> _INSTRUCTIONS TO FOLLOW_:
Among the lines of data below, reproduce only those from the one with "Engine immobilizer, automatic" through the one with "The TCM module", exactly as they stand, both ends included.

> _DATA TO USE_:
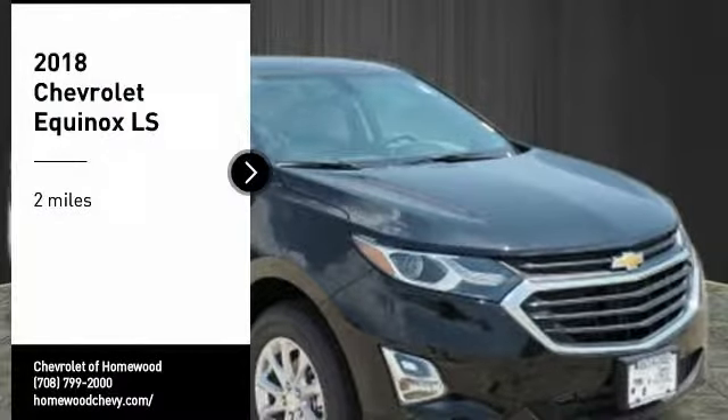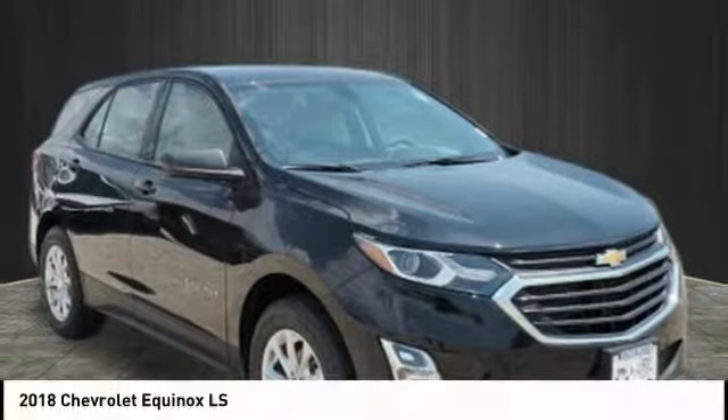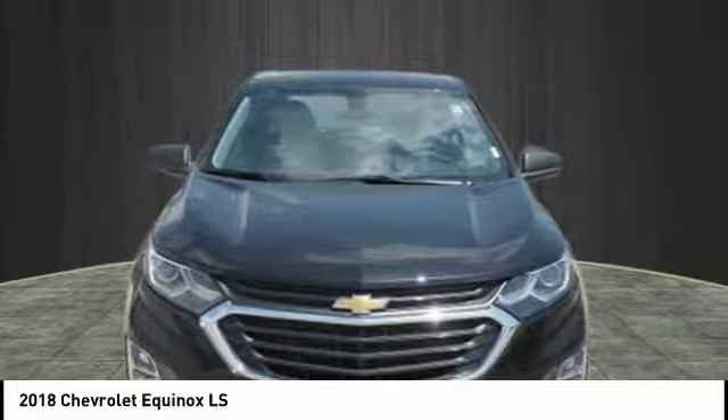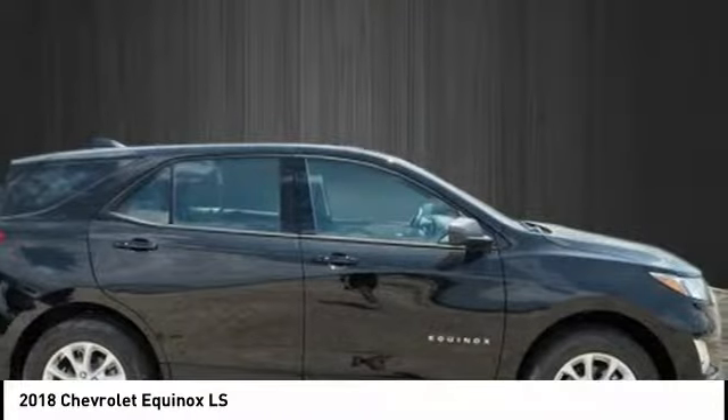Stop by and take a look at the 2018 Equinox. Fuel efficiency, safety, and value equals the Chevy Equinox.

==

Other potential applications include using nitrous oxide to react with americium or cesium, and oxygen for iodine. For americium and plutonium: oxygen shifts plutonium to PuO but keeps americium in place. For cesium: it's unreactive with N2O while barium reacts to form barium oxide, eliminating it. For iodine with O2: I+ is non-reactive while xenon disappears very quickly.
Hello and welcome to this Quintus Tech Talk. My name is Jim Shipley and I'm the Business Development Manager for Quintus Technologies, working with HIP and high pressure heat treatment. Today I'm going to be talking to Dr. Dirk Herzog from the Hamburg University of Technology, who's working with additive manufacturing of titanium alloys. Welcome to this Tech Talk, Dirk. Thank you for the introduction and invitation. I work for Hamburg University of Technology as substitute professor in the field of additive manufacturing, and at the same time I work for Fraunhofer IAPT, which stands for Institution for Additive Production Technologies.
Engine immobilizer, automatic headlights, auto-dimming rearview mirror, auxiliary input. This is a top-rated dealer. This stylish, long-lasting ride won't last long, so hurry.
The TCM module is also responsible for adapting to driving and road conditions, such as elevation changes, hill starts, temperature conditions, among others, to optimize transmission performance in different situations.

> _SOLUTION TO THIS EXERCISE_:
Engine immobilizer, automatic headlights, auto-dimming rearview mirror, auxiliary input. This is a top-rated dealer. This stylish, long-lasting ride won't last long, so hurry.
The TCM module is also responsible for adapting to driving and road conditions, such as elevation changes, hill starts, temperature conditions, among others, to optimize transmission performance in different situations.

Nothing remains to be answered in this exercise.